Ciencia en papillote

Fernando Pérez González FIRMA INVITADA

OPINIÓN

22 oct 2012 . Actualizado a las 19:03 h.

Un exhaustivo estudio recientemente publicado por investigadores del National Bureau of Economic Research de Massachusetts, revela el porcentaje de investigadores inmigrantes y emigrantes con respecto al total de cada país. Probablemente no extrañe saber que el 38 % de los investigadores de EE.?UU. proceden del extranjero, pero sí que en Suiza y Dinamarca supongan el 57 y el 45 %, respectivamente. En la cola de la lista figuran Italia, España y Japón. En el caso de nuestro país, solo el 7,3 % de los investigadores proceden de fuera (especialmente, de Italia, Francia y Argentina), mientras que únicamente el 8,4 % de los investigadores españoles trabajan en el extranjero. Llamativamente, el aislamiento científico japonés es aún mayor, con porcentajes respectivos del 5 y el 3,1 %.

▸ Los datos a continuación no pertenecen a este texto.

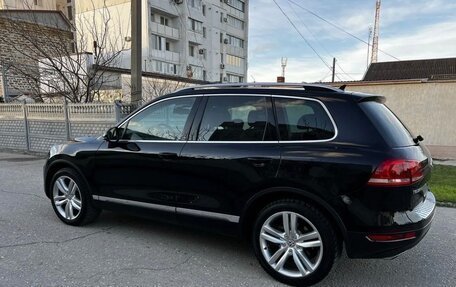 Volkswagen Touareg III, 2010 год, 15 фотография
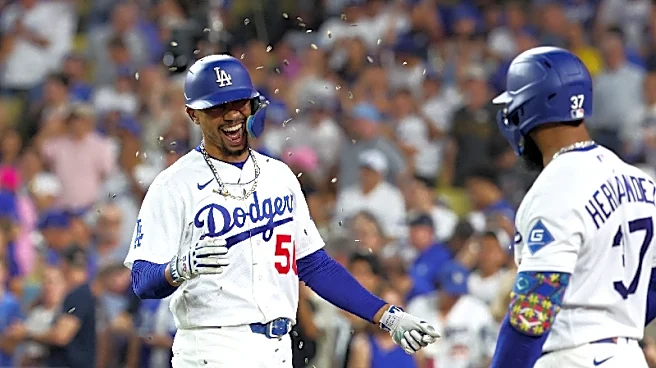 Dodgers demolish Reds to complete sweep, run winning streak to 7 games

La investigación científica y el desarrollo tecnológico modernos, con equipos multidisciplinares que requieren de una considerable masa crítica, se benefician enormemente de los flujos de capital investigador humano. Los investigadores venidos de otros lugares aportan nuevos conocimientos y tecnologías no disponibles en los grupos que los reciben, aumentando en definitiva su competitividad.

Una buena proporción de la innovación mundial actual responde al paradigma de la llamada «innovación abierta», término que designa el uso de ideas, tanto internas como externas, por parte de las empresas que buscan el avance de sus tecnologías. La innovación abierta es especialmente útil para alcanzar un posicionamiento rápido en los mercados, como ha puesto de manifiesto el éxito fulgurante alcanzado por el sistema operativo Android. Como cabe suponer, la clave de la innovación abierta son los flujos de conocimiento más allá de las fronteras de la empresa. Y, por supuesto, no hay mejor manera de hacer fluir el conocimiento que vincularlo al movimiento de personas: los científicos y tecnólogos que lo poseen.

Hace ya tiempo que EE.?UU. se percató del valor de la diversidad en el conocimiento científico. De los 314 ciudadanos estadounidenses galardonados con el Premio Nobel, 102 (el 32 %) nacieron en otros países. Otros ejemplos recientes revelan que la importación de conocimiento tiene un claro impacto en la creación de riqueza: Jerry Yang, cofundador de Yahoo, nació en Taiwán; Sergey Brin, de Google, en Moscú, y el promotor de eBay, Pierre Omidyar, es parisino.

El estudio antes citado pone el dedo en la llaga de la insularidad de nuestro conocimiento. En España, la ciencia se cocina en papillote, bañada con sus propios jugos. A ello contribuye, sin duda, la ostensible endogamia universitaria, pero deberíamos buscar la clave en nuestro paupérrimo dominio del inglés. Tomando datos del índice de nivel de inglés publicado anualmente por la compañía Education First, uno encuentra una importante correlación (r=0,63; p<0,05) entre este y el porcentaje de investigadores inmigrantes. Siendo el inglés la lingua franca para los investigadores de todo el mundo, no sorprende que en la decisión de adónde emigrar pese especialmente la facilidad para comunicarse en ese idioma, no solo en el laboratorio, sino también en el supermercado.

El Foro Económico Mundial adjudica a España un mísero puesto 36 en competitividad. Ascender en la lista no parece cuestión de más autovías, pero sí de un cambio en el centro de gravedad de la enseñanza del inglés, que lleva décadas aguardando su implantación: menos gramática y más conversación.